Approximately 700 metres of new shared pathway and cycleway and a 14-metre long fiberglass pedestrian bridge have been built alongside the drainage route.

The additional flow path aligns with the Byron A&I Estate Precinct Plan and the landscaping works are being delivered in tandem with a new pocket park, on the corner of Bayshore Drive and Banksia Street.

“This project brings benefits for cyclists, pedestrians, residents and businesses, as well as improving water quality entering the Belongil estuary,” Josh said.

Water sensitive urban design has been incorporated with more than 4,500 native species being planted by Arakwal members.

The plants will help stabilise drainage batters and improve the quality of water (through a reduction in nutrient concentrations) before it enters the Belongil Creek.
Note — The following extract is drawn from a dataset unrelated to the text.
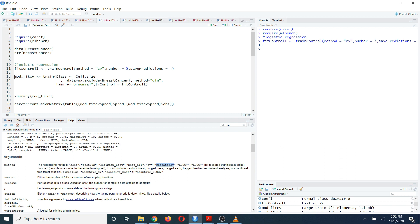You can define your model using the train function. First write your response variable, then the tilde symbol, then all the independent variables you want to use after the tilde sign. Then choose your dataset name. For logistic regression as the method, you need to choose method as 'glm' and family as 'binomial'. Then define your trControl object, setting it equal to the fitControl object you created, like this.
Bundjalung of Byron Bay Aboriginal Corporation RNTBC (Arakwal) General Manager, Ross Tregidga, said the project was an important opportunity for hands-on involvement in the management of the Belongil estuary, a place that has great cultural significance for the Arakwal people.

“These plants will provide food for native animals and birds and help improve stormwater quality with highly treated water before it enters the Belongil Creek, which is beneficial for the land, water and people,” Mr Tregidga said.